After being released from prison, McNess spent several years studying the details of the story told by Raul: “I don’t know exactly what General Lammerding and Major Dickman talked about on Saturday 10 June 1944 of the year,” he concluded, “but if Raul’s version is reliable and nothing convincing me the opposite, we are the only living witnesses who are dedicated to the mystery of the events of that terrible day.

Apparently, Lammerding told Dickman during their meeting that he had become aware of an ambush by a soldier who had fled from the scene of a clash with partisans.
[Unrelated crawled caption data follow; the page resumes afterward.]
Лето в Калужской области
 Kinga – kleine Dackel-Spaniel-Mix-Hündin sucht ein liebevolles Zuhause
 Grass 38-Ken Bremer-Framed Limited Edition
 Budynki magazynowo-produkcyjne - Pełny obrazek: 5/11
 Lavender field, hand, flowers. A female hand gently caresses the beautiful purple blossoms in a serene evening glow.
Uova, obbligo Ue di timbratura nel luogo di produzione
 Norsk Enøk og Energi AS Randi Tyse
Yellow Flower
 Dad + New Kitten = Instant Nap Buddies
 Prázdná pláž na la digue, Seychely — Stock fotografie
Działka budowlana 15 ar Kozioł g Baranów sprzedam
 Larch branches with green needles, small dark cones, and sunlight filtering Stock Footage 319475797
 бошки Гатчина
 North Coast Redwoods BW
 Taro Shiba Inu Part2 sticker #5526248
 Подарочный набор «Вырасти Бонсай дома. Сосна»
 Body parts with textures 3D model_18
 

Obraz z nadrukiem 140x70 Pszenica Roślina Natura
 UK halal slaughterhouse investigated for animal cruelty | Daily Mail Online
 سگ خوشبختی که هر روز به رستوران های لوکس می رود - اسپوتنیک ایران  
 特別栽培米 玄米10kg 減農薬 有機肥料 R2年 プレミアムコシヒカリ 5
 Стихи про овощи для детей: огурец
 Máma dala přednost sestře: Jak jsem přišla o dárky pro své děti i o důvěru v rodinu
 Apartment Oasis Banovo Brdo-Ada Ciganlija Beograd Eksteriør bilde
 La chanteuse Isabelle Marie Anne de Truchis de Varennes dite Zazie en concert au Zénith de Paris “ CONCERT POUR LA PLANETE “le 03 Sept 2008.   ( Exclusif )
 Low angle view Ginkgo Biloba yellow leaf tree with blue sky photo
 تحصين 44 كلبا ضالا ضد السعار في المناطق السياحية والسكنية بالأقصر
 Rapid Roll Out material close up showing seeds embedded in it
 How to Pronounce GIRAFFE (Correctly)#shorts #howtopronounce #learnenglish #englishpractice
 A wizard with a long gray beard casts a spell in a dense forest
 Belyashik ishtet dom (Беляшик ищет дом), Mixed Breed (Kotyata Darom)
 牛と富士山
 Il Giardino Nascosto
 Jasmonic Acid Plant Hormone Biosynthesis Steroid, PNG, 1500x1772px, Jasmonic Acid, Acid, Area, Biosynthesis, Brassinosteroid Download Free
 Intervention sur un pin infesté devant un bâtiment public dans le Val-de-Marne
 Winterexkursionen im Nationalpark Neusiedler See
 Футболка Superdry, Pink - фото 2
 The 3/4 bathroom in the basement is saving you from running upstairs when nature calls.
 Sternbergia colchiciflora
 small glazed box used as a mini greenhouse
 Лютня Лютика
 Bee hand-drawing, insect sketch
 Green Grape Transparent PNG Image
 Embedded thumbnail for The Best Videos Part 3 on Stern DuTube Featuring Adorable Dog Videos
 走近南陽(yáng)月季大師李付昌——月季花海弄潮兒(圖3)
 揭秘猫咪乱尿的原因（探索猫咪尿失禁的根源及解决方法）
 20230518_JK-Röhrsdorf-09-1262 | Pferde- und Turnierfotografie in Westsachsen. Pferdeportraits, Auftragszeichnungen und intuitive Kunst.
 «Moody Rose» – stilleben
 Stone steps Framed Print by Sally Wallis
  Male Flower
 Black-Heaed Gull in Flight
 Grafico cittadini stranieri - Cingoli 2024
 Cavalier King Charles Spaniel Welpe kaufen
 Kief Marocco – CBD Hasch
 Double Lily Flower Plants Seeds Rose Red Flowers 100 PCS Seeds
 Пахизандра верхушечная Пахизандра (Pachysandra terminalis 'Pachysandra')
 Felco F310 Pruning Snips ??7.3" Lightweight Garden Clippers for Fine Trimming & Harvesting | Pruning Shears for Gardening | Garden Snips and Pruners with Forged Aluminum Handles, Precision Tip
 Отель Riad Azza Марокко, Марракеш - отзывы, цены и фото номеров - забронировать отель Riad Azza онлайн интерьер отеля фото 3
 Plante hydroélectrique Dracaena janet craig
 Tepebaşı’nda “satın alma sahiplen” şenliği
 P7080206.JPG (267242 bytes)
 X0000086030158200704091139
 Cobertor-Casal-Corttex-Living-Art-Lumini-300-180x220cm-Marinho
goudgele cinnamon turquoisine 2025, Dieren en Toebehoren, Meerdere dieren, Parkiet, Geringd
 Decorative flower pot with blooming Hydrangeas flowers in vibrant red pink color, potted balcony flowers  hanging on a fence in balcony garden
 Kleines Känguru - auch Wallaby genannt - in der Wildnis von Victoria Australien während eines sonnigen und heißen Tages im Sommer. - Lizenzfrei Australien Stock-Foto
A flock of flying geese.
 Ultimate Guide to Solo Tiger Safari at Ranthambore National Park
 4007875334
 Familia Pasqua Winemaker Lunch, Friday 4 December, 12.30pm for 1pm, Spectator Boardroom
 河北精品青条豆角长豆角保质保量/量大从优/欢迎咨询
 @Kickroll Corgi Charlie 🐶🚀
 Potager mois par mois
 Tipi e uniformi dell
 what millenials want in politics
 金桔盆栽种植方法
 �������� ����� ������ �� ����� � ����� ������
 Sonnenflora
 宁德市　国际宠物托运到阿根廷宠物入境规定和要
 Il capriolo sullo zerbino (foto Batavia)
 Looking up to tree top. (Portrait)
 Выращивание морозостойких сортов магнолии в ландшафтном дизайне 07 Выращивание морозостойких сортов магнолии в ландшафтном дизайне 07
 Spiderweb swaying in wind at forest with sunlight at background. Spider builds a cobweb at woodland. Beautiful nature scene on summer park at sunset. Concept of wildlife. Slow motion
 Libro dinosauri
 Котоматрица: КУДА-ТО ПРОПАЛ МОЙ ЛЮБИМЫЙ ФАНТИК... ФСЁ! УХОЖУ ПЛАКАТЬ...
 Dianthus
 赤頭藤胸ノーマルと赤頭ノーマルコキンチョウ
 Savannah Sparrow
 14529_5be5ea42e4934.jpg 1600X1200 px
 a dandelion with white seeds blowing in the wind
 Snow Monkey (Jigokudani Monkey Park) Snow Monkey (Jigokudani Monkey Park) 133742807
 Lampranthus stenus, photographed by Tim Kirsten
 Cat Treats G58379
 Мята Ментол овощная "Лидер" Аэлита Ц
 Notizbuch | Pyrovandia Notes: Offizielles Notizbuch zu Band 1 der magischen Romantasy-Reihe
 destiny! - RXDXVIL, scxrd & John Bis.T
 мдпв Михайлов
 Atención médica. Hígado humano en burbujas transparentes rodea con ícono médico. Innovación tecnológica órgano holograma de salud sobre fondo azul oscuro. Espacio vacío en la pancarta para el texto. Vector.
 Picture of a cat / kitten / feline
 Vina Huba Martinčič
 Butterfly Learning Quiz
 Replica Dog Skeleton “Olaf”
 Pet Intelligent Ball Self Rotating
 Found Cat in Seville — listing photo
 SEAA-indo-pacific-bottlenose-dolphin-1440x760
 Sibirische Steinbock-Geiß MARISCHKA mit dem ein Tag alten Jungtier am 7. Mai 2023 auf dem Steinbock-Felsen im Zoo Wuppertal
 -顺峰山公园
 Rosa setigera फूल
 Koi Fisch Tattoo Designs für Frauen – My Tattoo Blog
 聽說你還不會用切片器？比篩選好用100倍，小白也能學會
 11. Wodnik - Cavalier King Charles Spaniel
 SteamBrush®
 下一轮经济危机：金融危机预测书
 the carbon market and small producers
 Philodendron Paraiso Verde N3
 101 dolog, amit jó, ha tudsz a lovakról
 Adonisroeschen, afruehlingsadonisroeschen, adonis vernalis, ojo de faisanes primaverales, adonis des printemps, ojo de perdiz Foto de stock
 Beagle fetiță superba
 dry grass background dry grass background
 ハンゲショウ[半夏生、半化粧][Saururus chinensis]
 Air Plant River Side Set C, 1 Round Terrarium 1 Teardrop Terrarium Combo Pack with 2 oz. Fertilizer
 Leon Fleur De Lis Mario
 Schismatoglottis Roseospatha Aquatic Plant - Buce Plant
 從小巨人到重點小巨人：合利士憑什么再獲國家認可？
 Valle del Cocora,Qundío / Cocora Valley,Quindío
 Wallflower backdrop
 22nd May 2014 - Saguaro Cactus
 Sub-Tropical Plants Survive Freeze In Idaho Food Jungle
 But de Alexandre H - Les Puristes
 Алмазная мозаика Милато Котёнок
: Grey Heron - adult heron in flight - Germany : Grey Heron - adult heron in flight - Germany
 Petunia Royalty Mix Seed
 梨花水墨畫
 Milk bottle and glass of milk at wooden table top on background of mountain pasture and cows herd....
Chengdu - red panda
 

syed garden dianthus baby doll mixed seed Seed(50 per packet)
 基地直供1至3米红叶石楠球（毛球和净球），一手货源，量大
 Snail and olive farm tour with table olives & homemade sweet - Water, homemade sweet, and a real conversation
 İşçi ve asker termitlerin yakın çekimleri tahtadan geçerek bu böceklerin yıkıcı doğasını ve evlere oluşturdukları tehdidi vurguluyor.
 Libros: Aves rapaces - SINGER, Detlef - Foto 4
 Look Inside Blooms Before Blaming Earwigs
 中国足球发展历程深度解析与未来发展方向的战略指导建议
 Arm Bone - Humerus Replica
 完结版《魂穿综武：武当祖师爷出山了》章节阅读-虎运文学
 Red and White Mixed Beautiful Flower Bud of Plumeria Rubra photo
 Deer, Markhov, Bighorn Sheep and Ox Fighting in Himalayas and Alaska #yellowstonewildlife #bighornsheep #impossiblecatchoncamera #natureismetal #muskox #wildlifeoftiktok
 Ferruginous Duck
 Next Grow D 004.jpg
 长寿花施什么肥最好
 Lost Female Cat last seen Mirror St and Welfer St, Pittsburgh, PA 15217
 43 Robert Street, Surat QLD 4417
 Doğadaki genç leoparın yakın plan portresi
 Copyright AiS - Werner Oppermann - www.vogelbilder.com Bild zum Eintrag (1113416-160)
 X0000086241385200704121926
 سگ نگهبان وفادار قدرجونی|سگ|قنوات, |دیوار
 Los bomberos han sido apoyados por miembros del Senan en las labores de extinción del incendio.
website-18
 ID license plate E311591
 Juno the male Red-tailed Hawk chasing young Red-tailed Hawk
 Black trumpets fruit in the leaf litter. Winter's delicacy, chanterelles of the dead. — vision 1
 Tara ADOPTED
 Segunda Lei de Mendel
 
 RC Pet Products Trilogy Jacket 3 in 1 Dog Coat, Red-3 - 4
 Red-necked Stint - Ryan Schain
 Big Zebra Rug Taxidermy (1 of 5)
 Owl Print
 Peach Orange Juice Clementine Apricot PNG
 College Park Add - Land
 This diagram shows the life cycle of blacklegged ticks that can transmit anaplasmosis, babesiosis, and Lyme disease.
The special forces soldiers were strictly ordered to report on any incidents only to officers who were directly involved in the operation, that is, Major Dickman and Kampfe or General Lammerding. "The main characters of this drama are dead and did not reveal their secrets to anyone during their lives.

But from what McNess told, it can be concluded that the inhabitants of Oradour have fallen innocent victims of the greedy Nazi general and his minions. However, the story of gold still remains the version that has to be taken on faith without any evidence. No one else could either confirm it or deny it. "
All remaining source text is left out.